Une Adaptation Cinématographique Audacieuse
Dans son premier long-métrage intitulé “The Chronology of Water”, Kristen Stewart aborde la question délicate de l’adaptation littéraire d’une manière innovante. S’inspirant du mémoire de Lidia Yuknavitch, le film réussit à capturer l’essence de la narration unique de l’auteure, en intégrant sa voix au récit. Lidia évoque des souvenirs en flashes rétinaux, souvent désordonnés, ce qui permet de remettre en question la structure classique de la narration cinématographique. Stewart parvient à faire de ce choix narratif un élément central de son film, romantisant la subjectivité et l’expérimentation.
Un Voyage à Travers le Temps
Yuknavitch commence son récit par une expérience traumatique : une mort-née lors de son premier mariage. À partir de là, le film joue avec le temps, intégrant des retours en arrière et des sauts vers l’avant pour illustrer son parcours tumultueux. Stewart, avec l’aide de l’éditeur Olivia Neergaard-Holm, utilise des coups rapides pour évoquer des moments marquants de la vie de Lidia, donnant ainsi vie à son expérience émotionnelle. Ces choix narratifs renforcent l’intensité émotionnelle de l’histoire, tout en nous permettant de ressentir la complexité de ses souvenirs.
Une Enfance Marquée par la Violence
Le personnage de Lidia, incarné à différents âges par Anna Wittowsky et Imogen Poots, évolue dans un environnement familial toxique. La brutalité de leur père, Mike, envers sa sœur Claudia est palpable, tout comme la passivité de leur mère, Dorothy. Cette dynamique familiale explosive pèse lourdement sur Lidia, qui se retrouve piégée entre l’abus et le désir d’évasion. Son salut réside dans la natation, qui devient un exutoire pour sa douleur et son désir de fuite.
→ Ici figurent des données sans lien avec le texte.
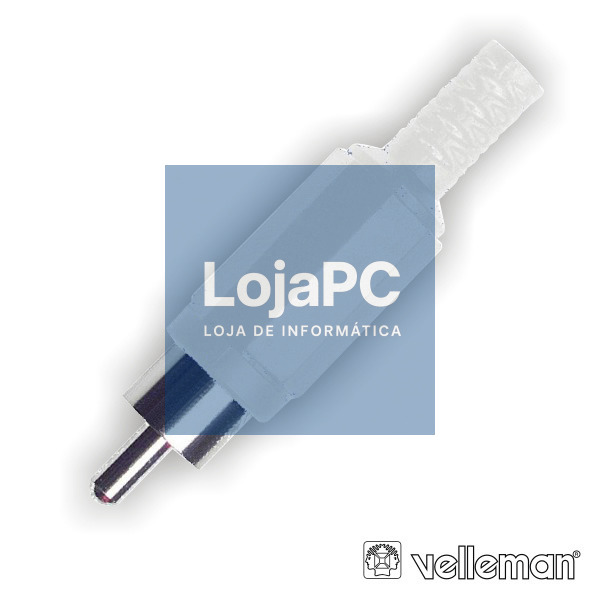 FICHA RCA MACHO BRANCA PVC C/ PROTEÇÃO DE CABO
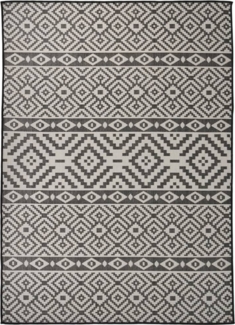 vidaXL Outdoor-Teppich Flachgewebe 200x280 cm Schwarz Gestreift 340854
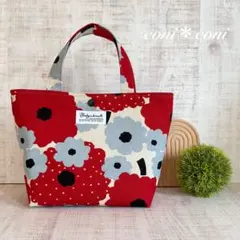 【ハンドメイド】ミニトートバッグ＊北欧調　ドットフラワー＊生成り地×レッド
L’Éveil Littéraire de Lidia
Après s’être tournée vers des comportements autodestructeurs, notamment la drogue et l’alcool, Lidia trouve un tournant dans sa vie grâce à l’écriture. Son engagement dans un atelier d’écriture dirigé par Ken Kesey lui ouvre des portes vers une carrière littéraire. Au fur et à mesure que sa carrière décolle, les figures de son passé perturbé refont surface, révélant à quel point l’écriture est un vecteur de sauvetage. Son parcours souligne l’importance de l’expression créative face à l’adversité.
Une Exploration Intense de la Mémoire
Le film illustre la mémoire non pas comme une simple libre association mais comme une association compulsive, soulignant l’impact des émotions sur nos souvenirs. Les séquences éclatées du récit créent une intensité et une profondeur émotionnelle, capturant la nature complexe du traumatisme. Stewart rend hommage à cette dualité en encadrant la douleur physique et émotionnelle à travers des proximités sensuelles qui font écho au vécu de Lidia.
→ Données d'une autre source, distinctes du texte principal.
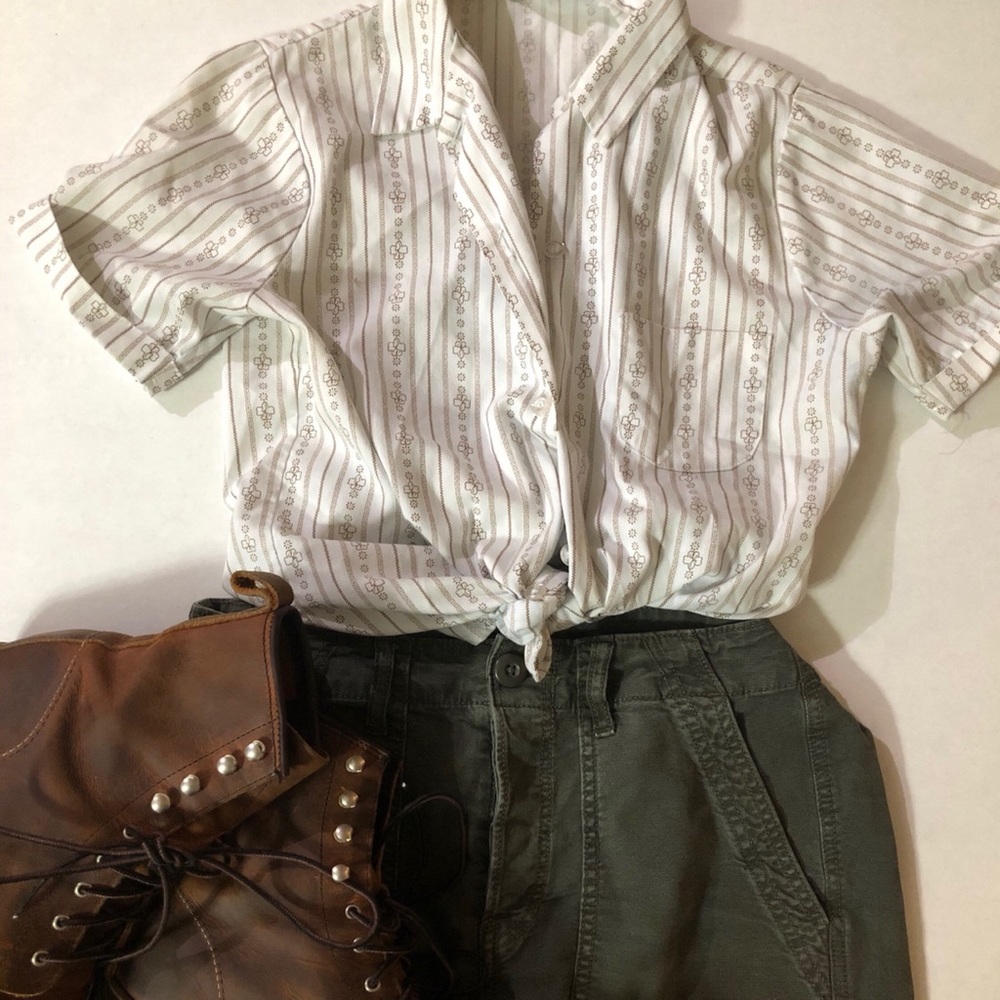 Stripped Girl Scout uniform button up shirt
Un Style Narratif Fragmenté
Malgré la richesse de ses thèmes, le film présente une structure narrative qui peut sembler laisser à désirer. L’absence d’un arc narratif solide peut parfois confondre le spectateur, limitant le développement émotionnel des personnages. Néanmoins, les performances des acteurs secondaires réussissent à briller dans ce style fragmenté, apportant une nuance à l’ensemble. Stewart, à travers son audace, s’attaque à des méthodes narrativas qui brisent les conventions établies, renforçant l’authenticité de l’œuvre tout en posant des questions sur le rôle de l’adaptation littéraire.